Messages seeking comment were sent to Smartmatic and Fox News; the network's lawyers are also representing the hosts.

Fox News had argued that it and its hosts did what the media do and the First Amendment protects: inform the public about newsworthy, if controversial, claims that an important figure was making about a matter of public concern.

Smartmatic maintained that Fox News can't claim free speech protections for inviting guests to circulate damning falsehoods, without evidence, as part of what the voting company calls a "disinformation campaign."

Federal and state election officials, exhaustive reviews in battleground states and Trump's own attorney general found no widespread fraud that could have changed the outcome of the 2020 election. Nor did they uncover any credible evidence that the vote was tainted. Trump's allegations of fraud were also roundly rejected by dozens of courts, including by judges whom Trump had appointed.

Smartmatic isn't alone in suing Fox News over its election coverage.

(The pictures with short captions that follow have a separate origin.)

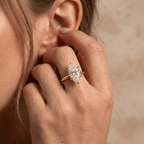 Cathedral marquise diamond ring lifestyle shot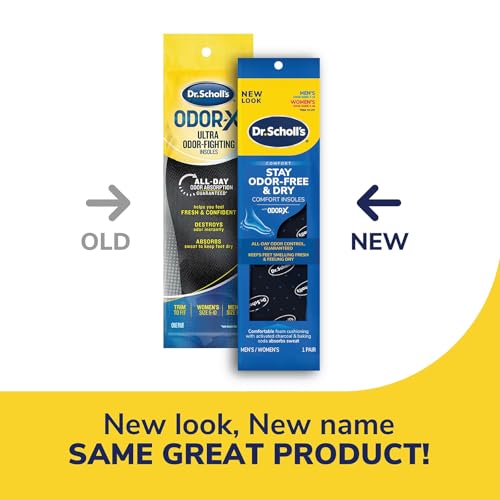 Dr. Scholl's® Stay Odor-Free & Dry Comfort Insoles with Odor-X®, Unisex Inserts, 1 Pair, Full Length Trim to Fit Men's Shoe Sizes (7-13) and Women's Shoe Sizes (5-10)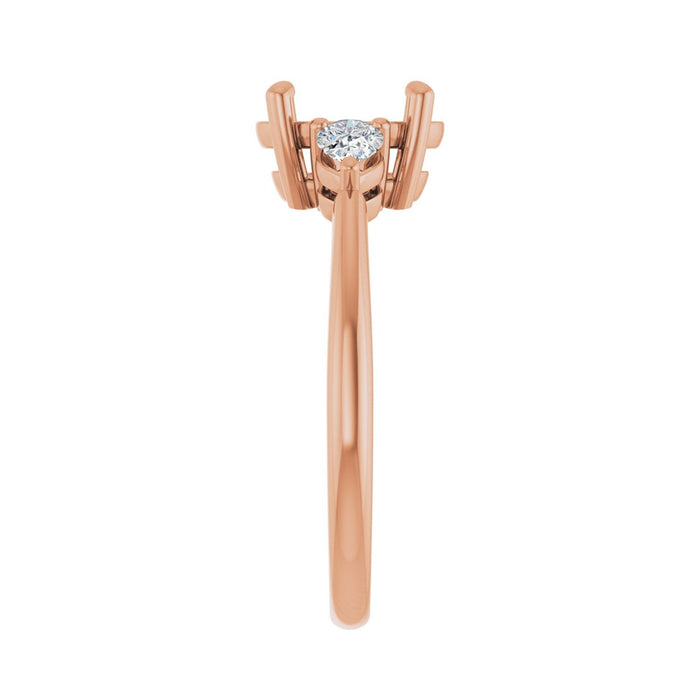 14K Rose Gold 9x7 mm Oval 1/4 CTW Lab-Grown Diamond Semi-Set Engagement Ring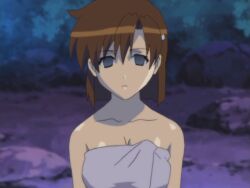  bare_shoulders blue_eyes body_control breasts brown_hair cleavage expressionless female_only girls_bravo kirie_kojima large_breasts nude possession screenshot shiny_skin short_hair towel 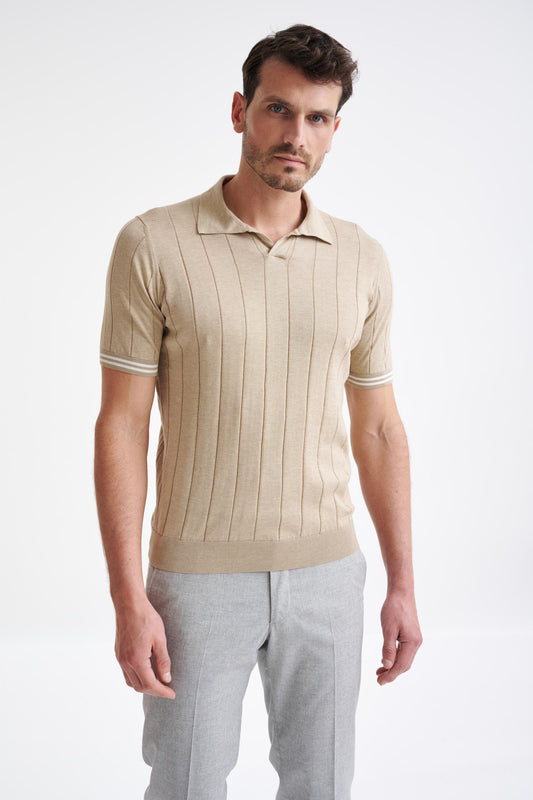 Safari Beige Cotton Wide Rib Dawlish Knit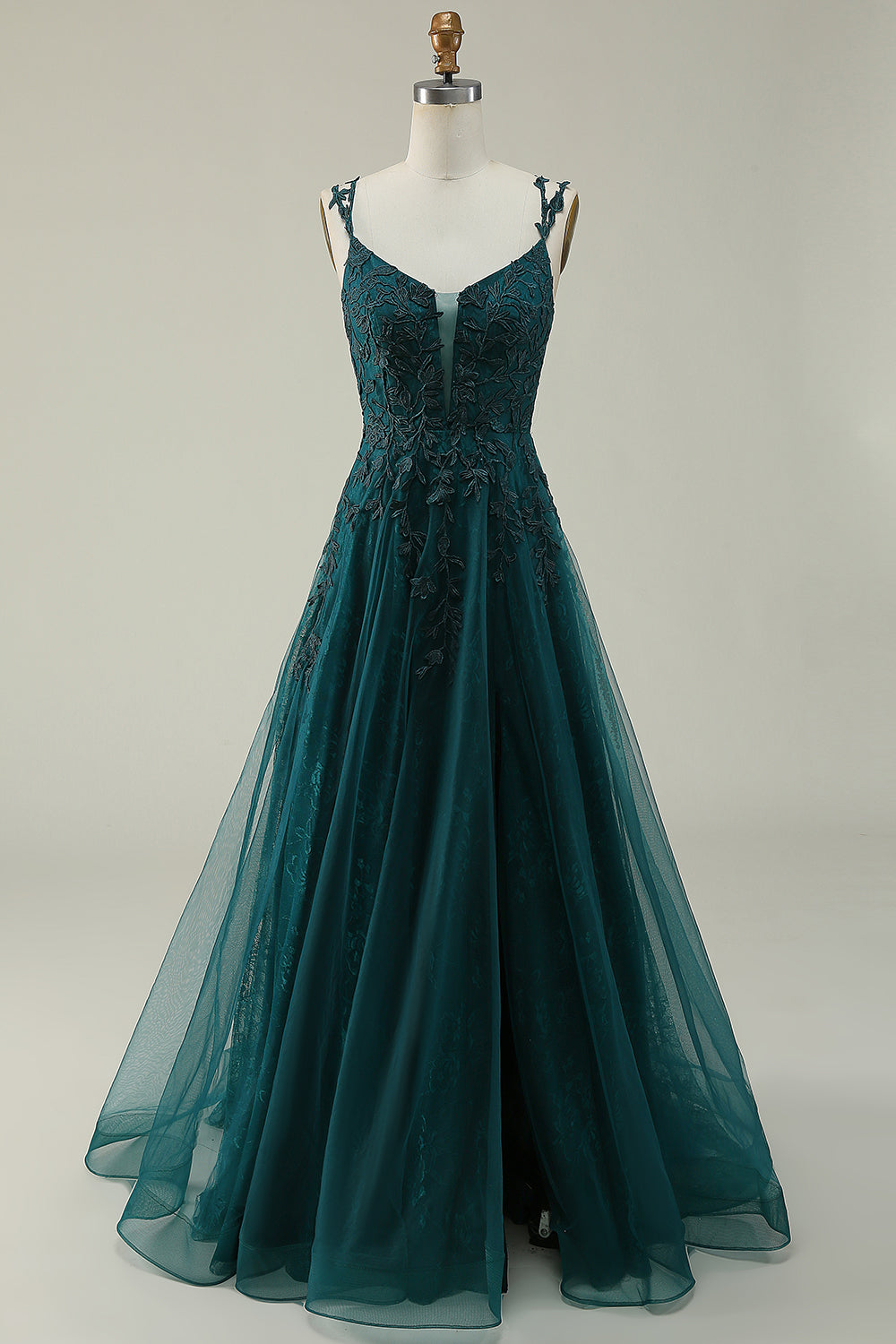 Robe de bal longue rouge à bretelles spaghetti ligne A avec appliques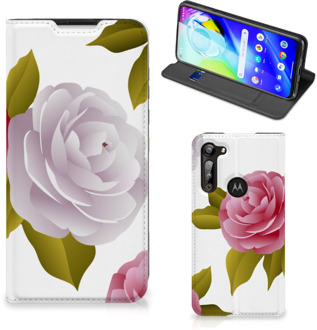 B2Ctelecom Telefoon Hoesje Cadeau voor haar Motorola Moto G8 Power Wallet Flip Case Roses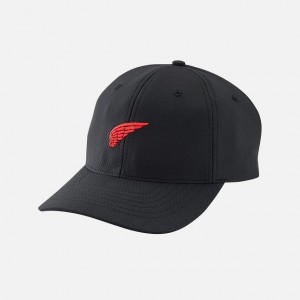 Red Wing Embroidered Wing Performance Ball Cap in Black | LFIPCT-237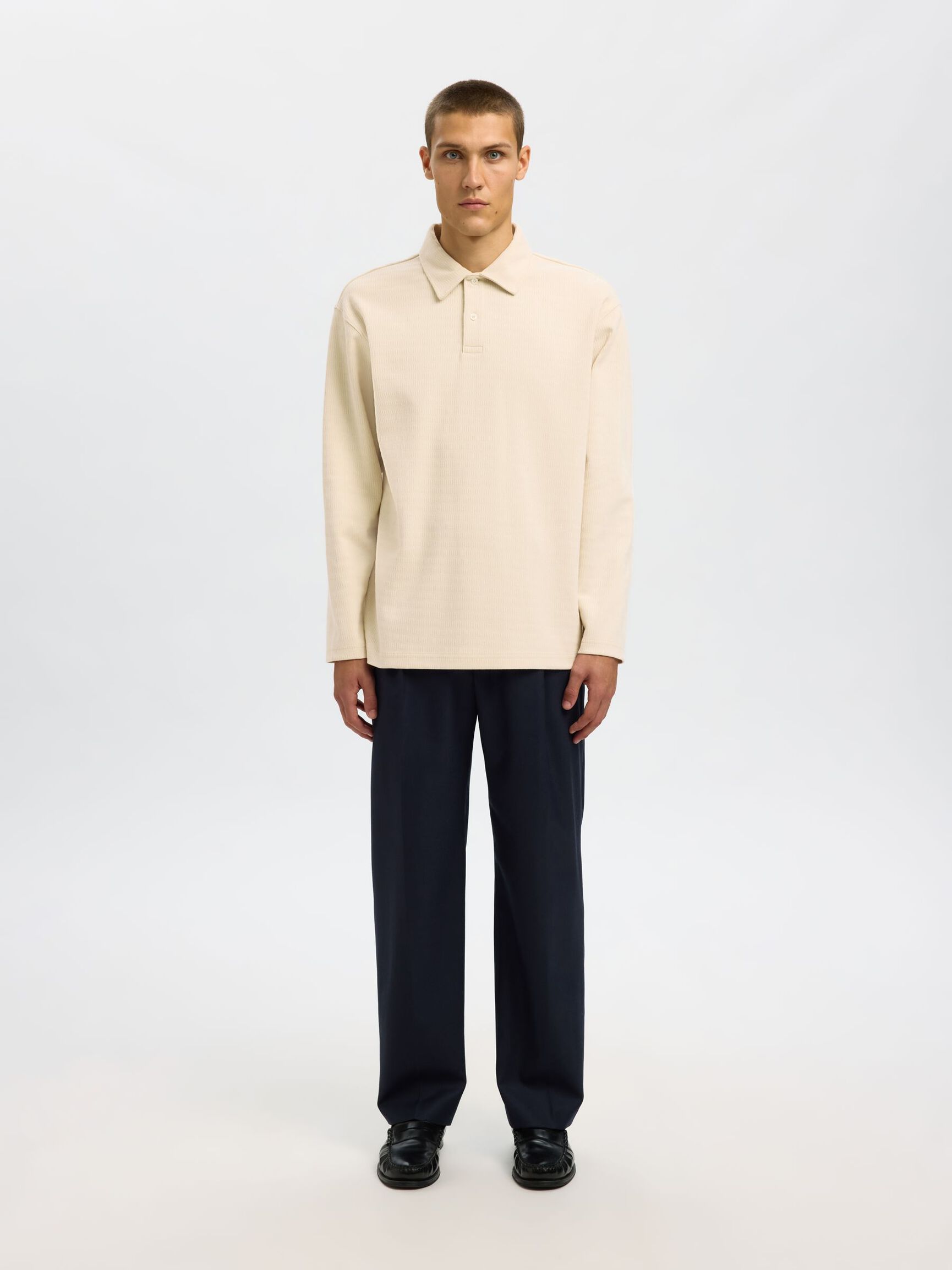 100% BAUMWOLL LANGARM-POLOSHIRT, Angora, highres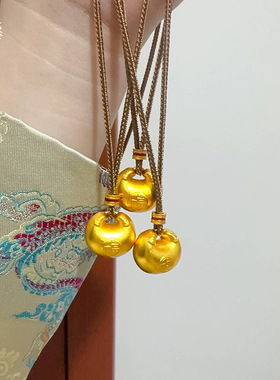 里外一色金店同款久不掉色越南沙金小胖福金坨三代锁包项链手链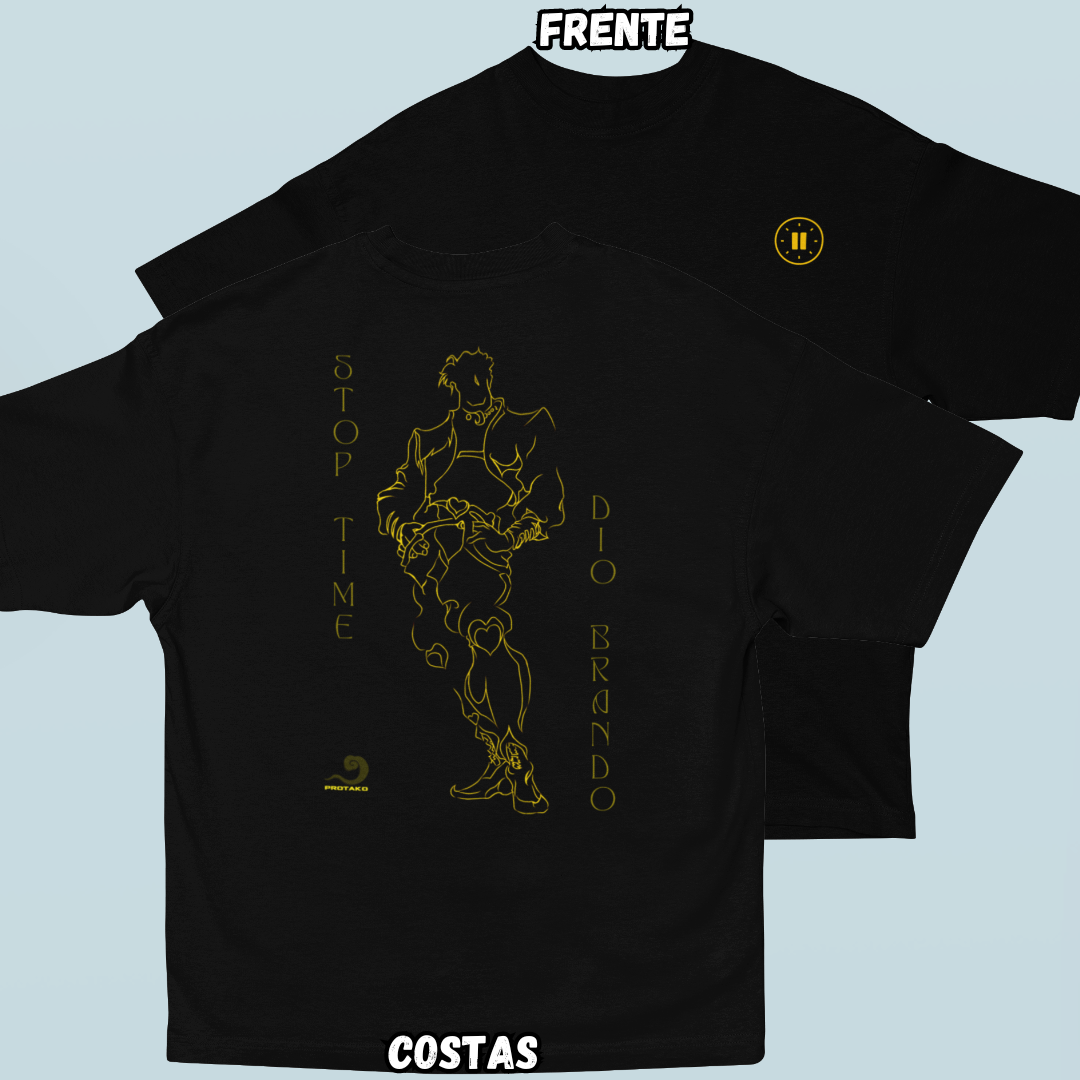 Nome do produto: Camiseta Oversized Stop Time Frente Costas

The network is also fighting a $1.6 billion defamation lawsuit in Delaware from another voting machine company, Denver-based Dominion Voting Systems; and a federal defamation case filed by a Venezuelan businessman who said he was wrongly accused of trying to corrupt the election.

Florida-based Smartmatic said it played a small role in the 2020 U.S. national election: Its technology and software were used only in California's Los Angeles County. The heavily Democratic county and state weren't considered battlegrounds and went, as expected, for Democratic nominee and now-President Joe Biden.

But Smartmatic says Fox News and the three prominent hosts at the time — Bartiromo, Dobbs and Pirro — repeatedly allowed Trump's lawyers to falsely portray Smartmatic as a foreign company involved in a sprawling, multi-state operation to "flip" votes to Biden from the Republican incumbent.

During a series of appearances following the Nov. 3, 2020 election, Giuliani asserted that the company had been "formed in order to fix elections." Powell called it a "huge criminal conspiracy" and the two jointly claimed that proof would be forthcoming.

Fox News eventually aired an interview with an election technology expert who said there was no evidence that Smartmatic's technology had monkeyed with the election results. He refuted various claims that Giuliani and Powell made. That interview came after Smartmatic's lawyers demanded a retraction.

The company says business tanked and executives and customer-support workers received death threats because of the bogus allegations. It's seeking more than $2.7 billion in damages.

"These reports by these three anchors were not objective pieces. These were endorsement pieces of something that they knew was not true," Smartmatic lawyer J. Erik Connolly told the appeals judges during arguments in December.

But Fox News lawyer Paul Clement said the lawsuit "strikes at the heart of the First Amendment."

"When the sitting president of the United States and his lawyers make allegations of fraud and indicate that the president's legal team will be challenging the results of the election in multiple states, those allegations are unquestionably newsworthy. They remain newsworthy whether or not they seem plausible or likely to succeed," Clement told the appeals court.

A message seeking comment on Tuesday's ruling was sent to Giuliani's lawyer. He has said Giuliani's statements were protected by the First Amendment and other laws and principles, and his lawyers asked the appeals court to dismiss all the claims against him.

A lower court dismissed claims against Powell, a Texan who argued that she couldn't be sued in New York over the matter.